In this 10 month long program, students study numerous circus arts with a variety of instructors in group and private lessons, and have ample studio time to practice the skills learned during these sessions.  The program culminates in a performance of acts that will be created during the spring portion of the program.

The program includes two three-hour group-training classes and one semi-private lesson weekly.  Students also select three skills classes from our Session class listing.  There are three sessions:  Fall (Sept-Dec), Winter (Jan-March) and Spring (April-June), and students can change their class selection at the start of each session.  Students also have access to Members Only “open studio” format training to practice what they are learning, and a membership to the Outer Limits Gym.

Cool?  Cool!

I was thinking about staying in VA Beach this summer and getting a seasonal job so I could train at the studio but that changed during my drive to work this morning.  The sun was warm and the air was crisp.  I quickly reminisced about the brisk early mornings waking up in my tent in Harpers Ferry.  Nothing beats living in a tent, working on the river, having fun, and getting paid to do it.  I spent most of the morning researching fitness gyms and aerial arts gyms near Harpers Ferry.  I didn’t have much luck but the outfitter I work for has an outdoor aerial adventure park which I can play on.  It’s a good work out (if I sprint it) and I remember last year when a buddy told me to do pull-ups on the gymnastic rings at the end of one of the courses.  I’m going to be strict about conditioning this summer and perhaps get other people to work out with me as well.

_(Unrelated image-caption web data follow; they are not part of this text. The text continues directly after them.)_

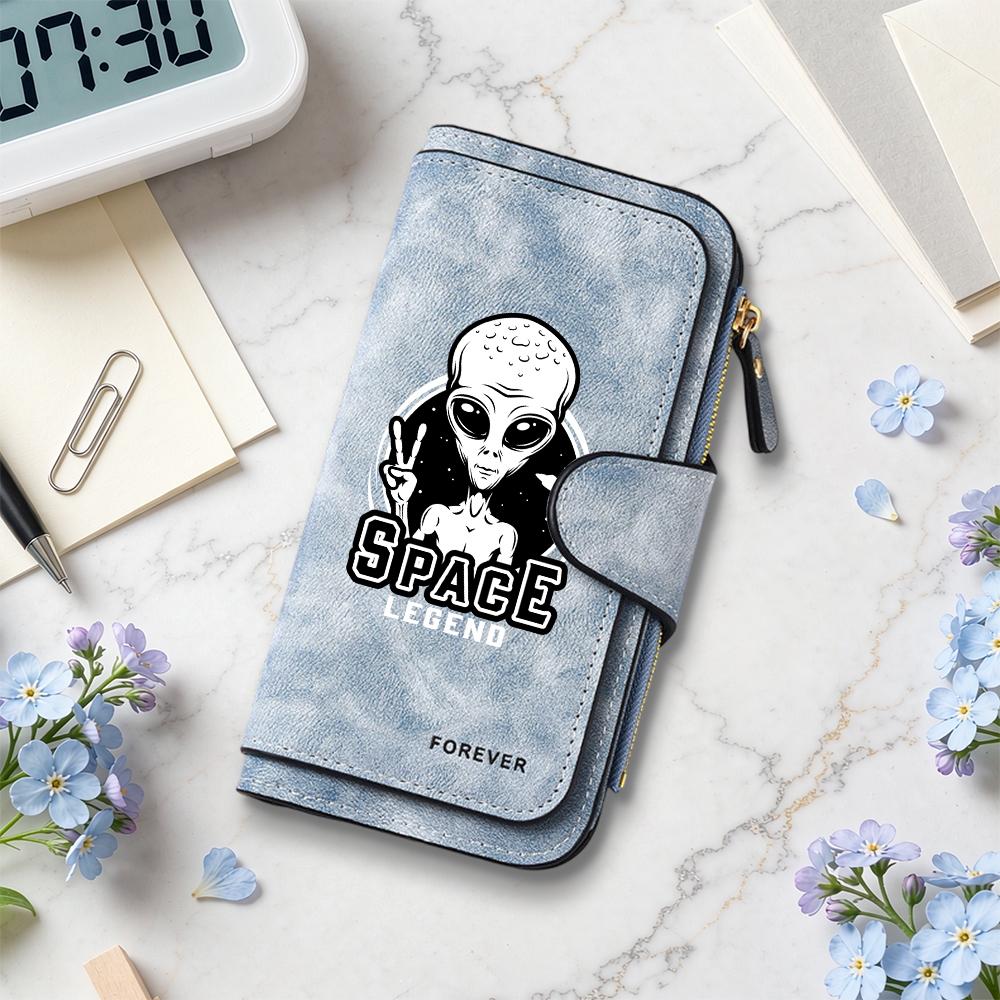Alien Printed Long Wallet Fashion Portable Card Holder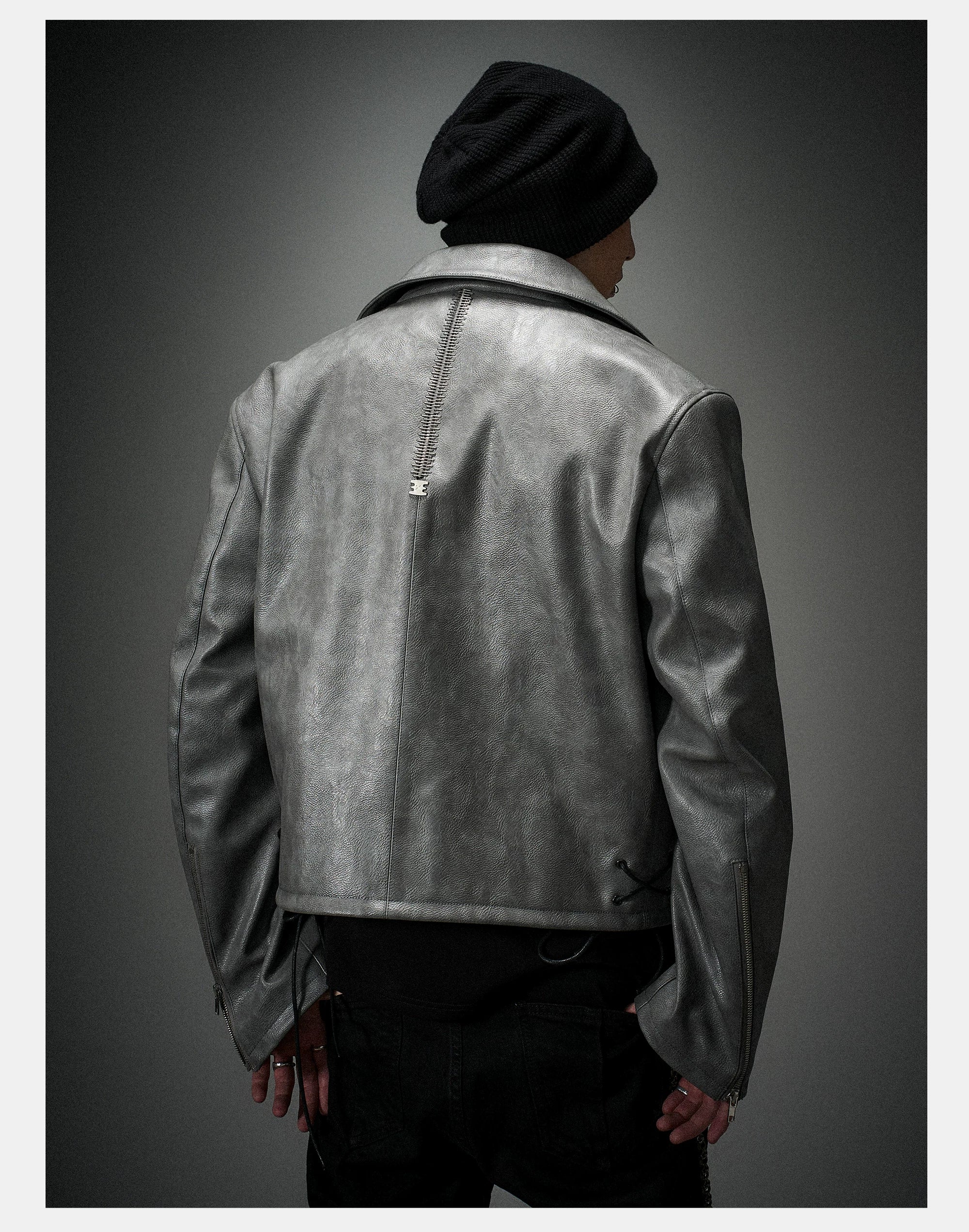 Vintage Stand Collar Biker Jacket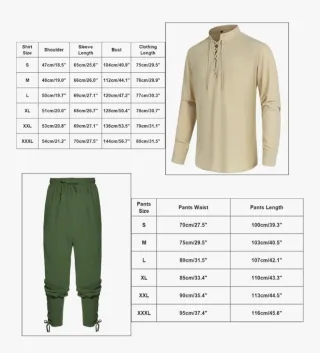 Disfraz Vikingo Medieval Beige y Verde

I have nothing and everything to lose.

“So it goes.”

I was the child that ran up/down the stairs instead of walked.  I was the child that leaped on couches and climbed atop of counter tops.  I was the child that crawled onto furniture shelves and got stuck.  I was the child that had to have her older brother rescue her from the top of palm trees.  I was the child that effortlessly glided through the monkey bars at the playground.  I embodied the natural skill of climbing and fearlessness of heights at an early age.  Here is a little more background of the physical aspect of my life.  I have been an athlete all my life and activities that I enjoy include (to name a few): field hockey, soccer, rock climbing, surfing, bicycle polo, slacklining, and longboard skateboarding.  In high school, I ran track between the field hockey and soccer seasons to stay fit.  I pole vaulted my senior year and qualified to compete in states twice.  In college, I tried out for the ODU field hockey team but came to the conclusion that I wanted to party my freshman and sophomore years instead.  I ended up joining the rowing club for a year and eventually joined the rock climbing club as well.

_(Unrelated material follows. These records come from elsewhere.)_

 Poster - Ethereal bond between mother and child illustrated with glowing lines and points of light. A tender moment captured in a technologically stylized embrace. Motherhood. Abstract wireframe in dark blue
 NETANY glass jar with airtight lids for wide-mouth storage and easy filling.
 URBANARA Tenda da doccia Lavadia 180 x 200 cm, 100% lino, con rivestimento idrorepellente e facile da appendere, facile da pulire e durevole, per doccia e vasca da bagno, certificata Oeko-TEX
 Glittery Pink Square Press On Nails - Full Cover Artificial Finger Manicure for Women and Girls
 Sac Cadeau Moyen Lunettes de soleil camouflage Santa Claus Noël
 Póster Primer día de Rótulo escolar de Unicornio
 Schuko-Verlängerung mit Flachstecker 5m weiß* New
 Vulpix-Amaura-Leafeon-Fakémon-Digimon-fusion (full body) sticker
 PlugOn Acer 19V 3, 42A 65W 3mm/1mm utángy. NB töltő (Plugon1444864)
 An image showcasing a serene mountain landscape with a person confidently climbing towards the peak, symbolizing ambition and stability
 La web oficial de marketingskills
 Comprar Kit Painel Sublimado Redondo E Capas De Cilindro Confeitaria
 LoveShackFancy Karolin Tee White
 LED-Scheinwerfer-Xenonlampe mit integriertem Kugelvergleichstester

It has been five and a half years since I graduated college.  I am a health and physical education teacher now and this is my sixth year at the same school.  I started whitewater raft guiding in Harpers Ferry, WV during my summers off except for one year (2009) when I took a two month road trip around the United States with a buddy.  Unfortunately, this summer will also be a hiatus from the river.  This decision saddens me but it also makes room for the main purpose of my blogging.

A friend and I went to see Cirque du Soleil: Worlds Away 3D on January 2nd.  It awed me, for sure.  I have only seen one Cirque du Soleil show and it was the Michael Jackson tribute at the Hampton Coliseum last May.  That shit was amazing!  Needless to say, I signed up for an Introduction to Aerial Arts 90-minute class at Airotique Movement in VA Beach only two days after seeing Worlds Away.  The apparatus I got to play with included: silk/tissu (aerial fabric), static trapeze, aerial rope, Lyra (aerial steel hoop), and the silk hammock.  The aerial bug infested my brain and every cell in my body and perhaps awakened the dead ones.  I signed up for a four-week Lyra track session the following week.

Here we go.  Welcome to my blog.  This blog is a collection of excerpts of my journey to become an aerial and circus performer.  Expect nothing but rawness.

I’m going to take you upside down and spin you round and round.  Hold on to your panties.